_To do:_ Exactly retype the lines below from the one containing "グラスに注がれたビール グラスに注がれたビール 141744449" through the end of the listing. Leave pictures out.

_Data shown:_

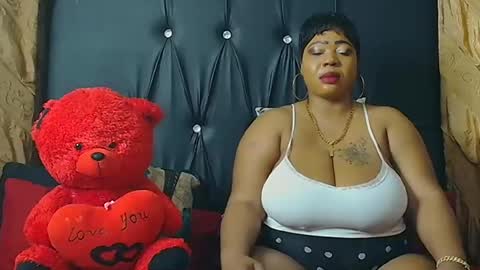 humongoustitss500929 online show from 10.04.25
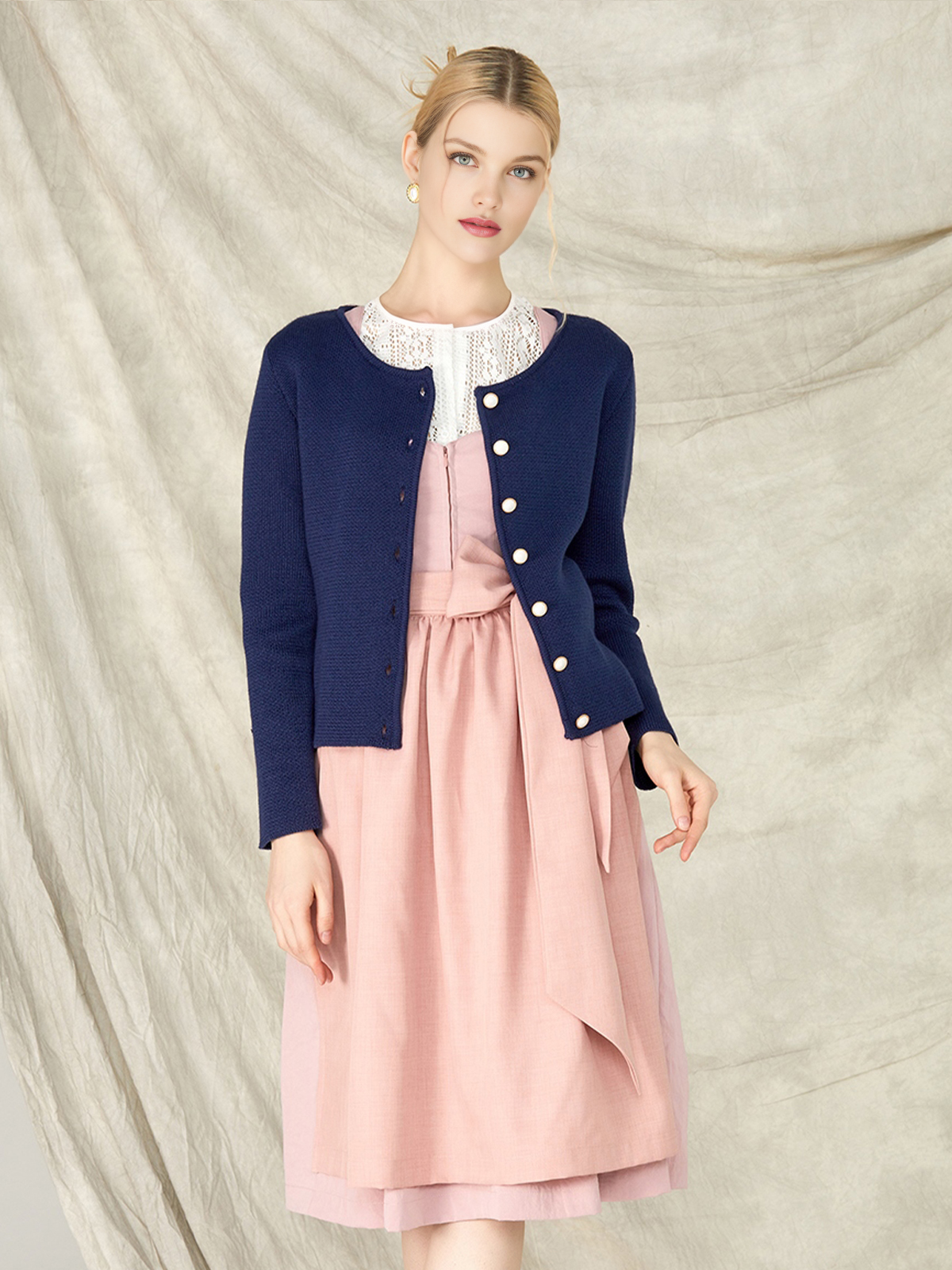 Dirndl in Marineblau – ein klassischer Look mit modernem Twist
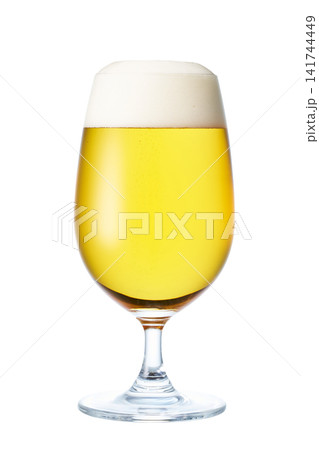 グラスに注がれたビール グラスに注がれたビール 141744449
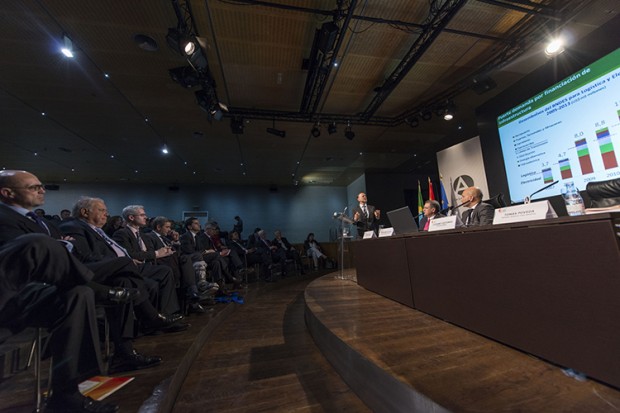 La competitividad interna y el marco legal son claves en Brasil, según Coutinho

_Task answer:_
 グラスに注がれたビール グラスに注がれたビール 141744449
 La competitividad interna y el marco legal son claves en Brasil, según Coutinho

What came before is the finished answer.